*DATA SUPPLIED*
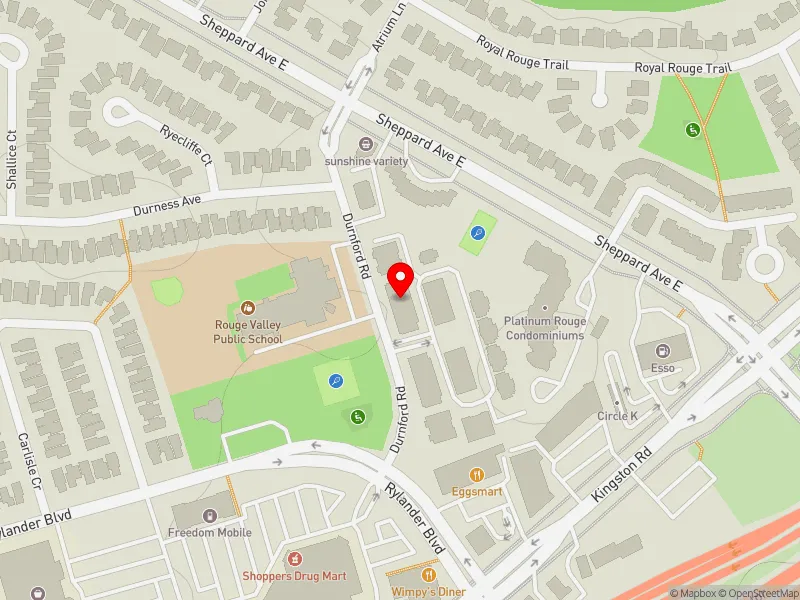 RentSafeTO apartment evaluation map view of 37 DURNFORD RD in Scarborough-Rouge Park, Toronto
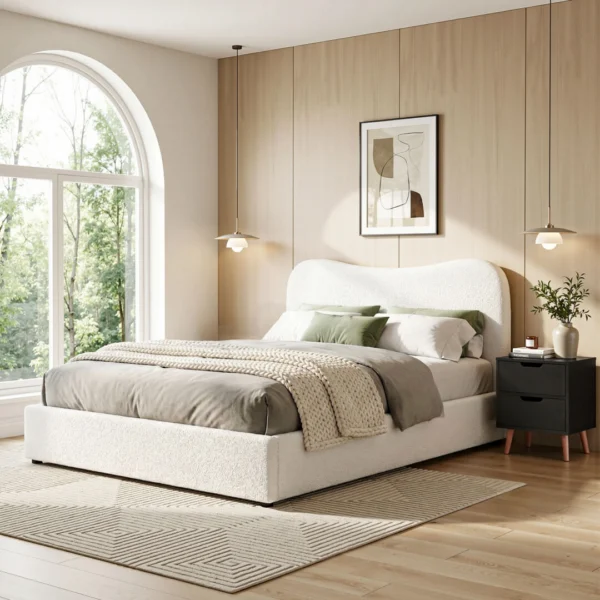 Artiss Double Bed Frame and Bedside Table Set Boucle Beige with Headboard Black Nightstand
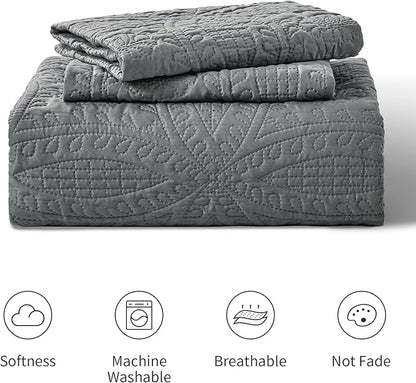 Love's cabin Quilts for Queen Bed Dark Grey Bedspreads Bedding Set - Lightweight Bedspread Comforter - Coin Pattern Bedding Coverlet for All Season - 3 Pieces (1 Quilt, 2 Pillow Shams)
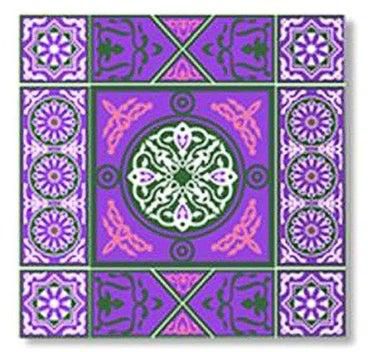 Decorative Painting With Frame Purple/White/Black 30x30centimeter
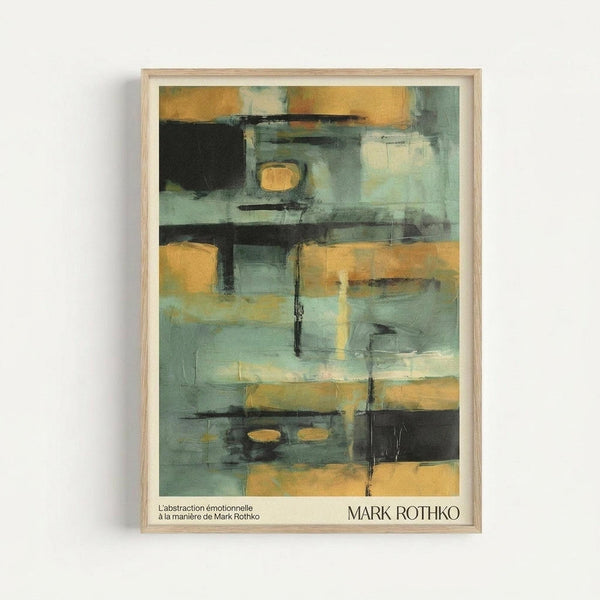 May include: Framed abstract art print mounted on white wall featuring geometric blocks in muted sage green, warm orange, and charcoal black with soft, painterly brushstrokes and layered rectangular forms creating depth and movement in contemporary style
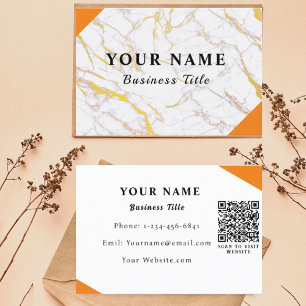Gelb-weißes Design White Marble QR-Code Visitenkarte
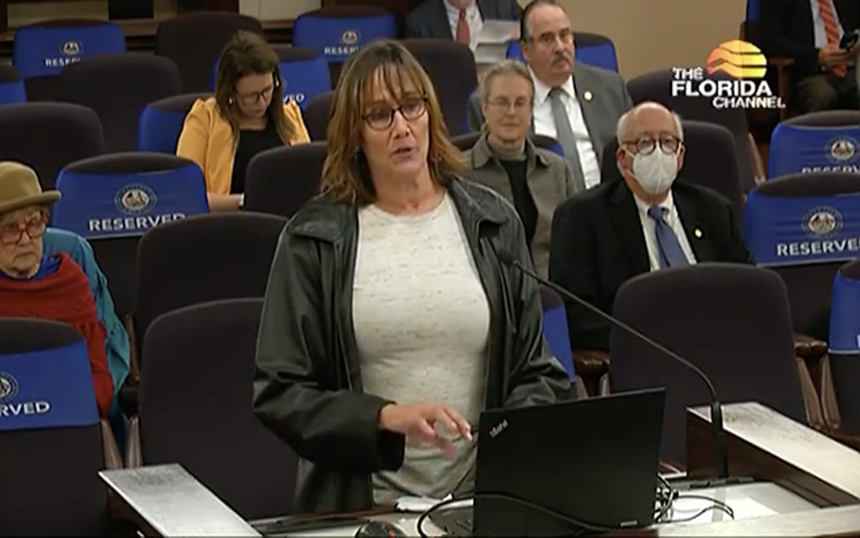 Kim White speaks at the Florida Senate Committee on Criminal Justice's January 18 meeting about her son's difficulty getting a COVID-19 booster shot in prison. - SCREENSHOT VIA THE FLORIDA CHANNEL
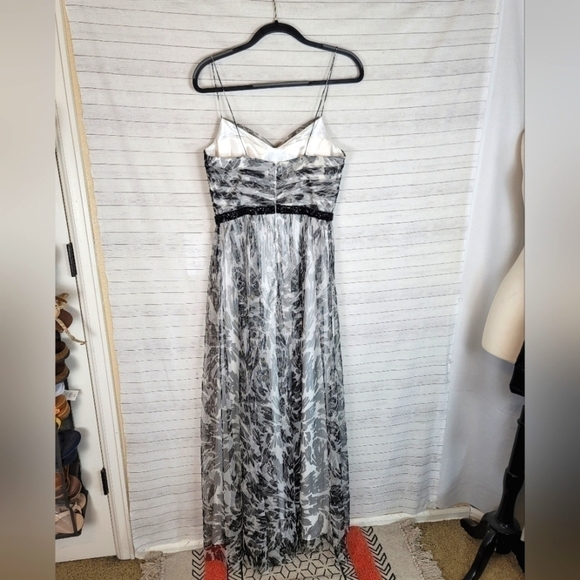 HAILEY by ADRIANNA PAPPELL FLORAL BEADED DROP WAIST MAXI DRESS, SZ 6 - Picture 4 of 15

*TASK PROMPT*
Repeat the listing verbatim, pictures excluded.

*TASK RESPONSE*
 RentSafeTO apartment evaluation map view of 37 DURNFORD RD in Scarborough-Rouge Park, Toronto
 Artiss Double Bed Frame and Bedside Table Set Boucle Beige with Headboard Black Nightstand
 Love's cabin Quilts for Queen Bed Dark Grey Bedspreads Bedding Set - Lightweight Bedspread Comforter - Coin Pattern Bedding Coverlet for All Season - 3 Pieces (1 Quilt, 2 Pillow Shams)
 Decorative Painting With Frame Purple/White/Black 30x30centimeter
 May include: Framed abstract art print mounted on white wall featuring geometric blocks in muted sage green, warm orange, and charcoal black with soft, painterly brushstrokes and layered rectangular forms creating depth and movement in contemporary style
Gelb-weißes Design White Marble QR-Code Visitenkarte
 Kim White speaks at the Florida Senate Committee on Criminal Justice's January 18 meeting about her son's difficulty getting a COVID-19 booster shot in prison. - SCREENSHOT VIA THE FLORIDA CHANNEL
 HAILEY by ADRIANNA PAPPELL FLORAL BEADED DROP WAIST MAXI DRESS, SZ 6 - Picture 4 of 15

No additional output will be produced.